Proof of Angle Bisector Construction

- Connect EF, DE, and DF.

- DF=FE since both are radii of the circle with center F.

- EF=EF since both are radii of the circle with center E.

- Therefore EF=FD=DE.

- Triangle DEF is an equilateral triangle and angle DEF = angle EFD = angle FDE = 60 degrees.

- BF=BE by construction

- Thus Triangle BEF is an isosceles triangle

- Since the triangle is isosceles, angle BFE = angle BEF.

- angle BFE + angle EFD = angle BEF + angle DEF

- angle BFD = angle BED

- Then triangle BFD is congruent to triangle BED by SAS.

- Specifically, angle FBD = angle DBE

or angle ABD = angle DBC

- Thus BD is the angle bisector of angle ABC

Proof of Concurrency of Angle Bisectors of a Triangle

- Given a triangle ABC, construct the angle bisectors of angle BAC and angle ABC.

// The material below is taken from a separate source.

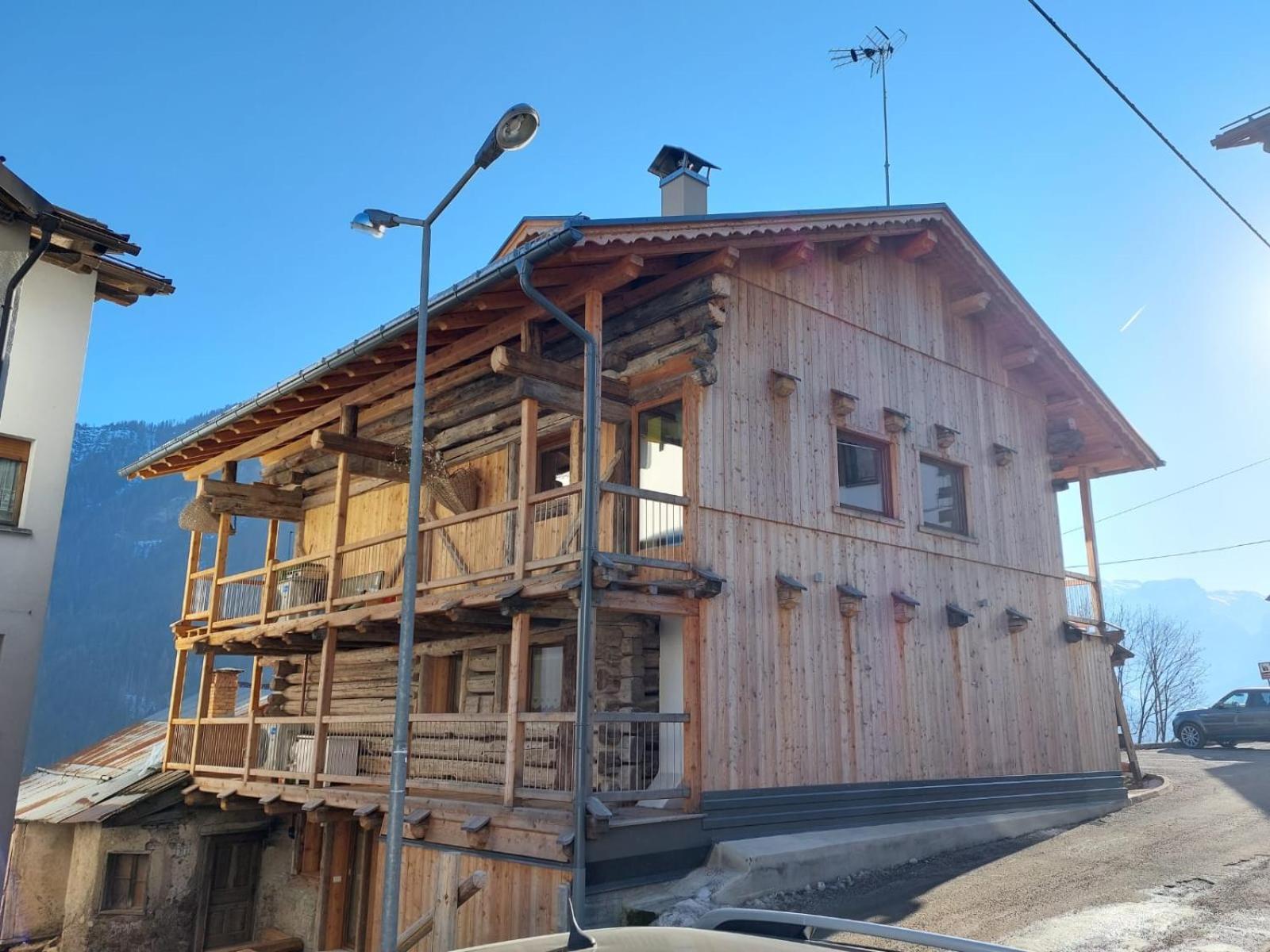 Monolocale Carfon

- Mark the intersection of of the two rays as the point K.

- From the point K, construct segments that are perpendicular to each of the three sides of the triangle.

- Label the intersection points on side BC, AC, AB as D, E, F respectively.

- Now consider triangle BFK and triangle BDK.

- angle BDK = angle BFK since they are both right angles.

- angle FBK = angle DBK since BK is the angle bisector.

- BK is common in both triangles.

- Therefore, triangle BDK is congruent to triangle BFK by AAS.

- Specifically, FK = DK.

- Now consider triangle AFK and triangle AEK.

- angle AFK = angle AEK since they are both right angles.

- angle FAK = angle EAK since AK is the angle bisector.

- AK is common to both triangles.

- Therefore triangle AFK is congruent to triangle AEK by AAS.

- Specifically, FK= KE.

- FK = KE = KD.

- Now, consider triangle CDK and triangle CEK.

- KE=KD

- KC is common to both triangles.

- angle KDC = angle KEC since they are both right angles.

- Then triangle CDK is congruent to triangle CEK by Hypotenuse-Side

- Therefore angle DCK = angle ECK

Thus the angle bisectors of the interior angles of the triangle are concurrent.

Incenter

The point of concurrency of the angle bisectors of a triangle is the incenter of the triangle.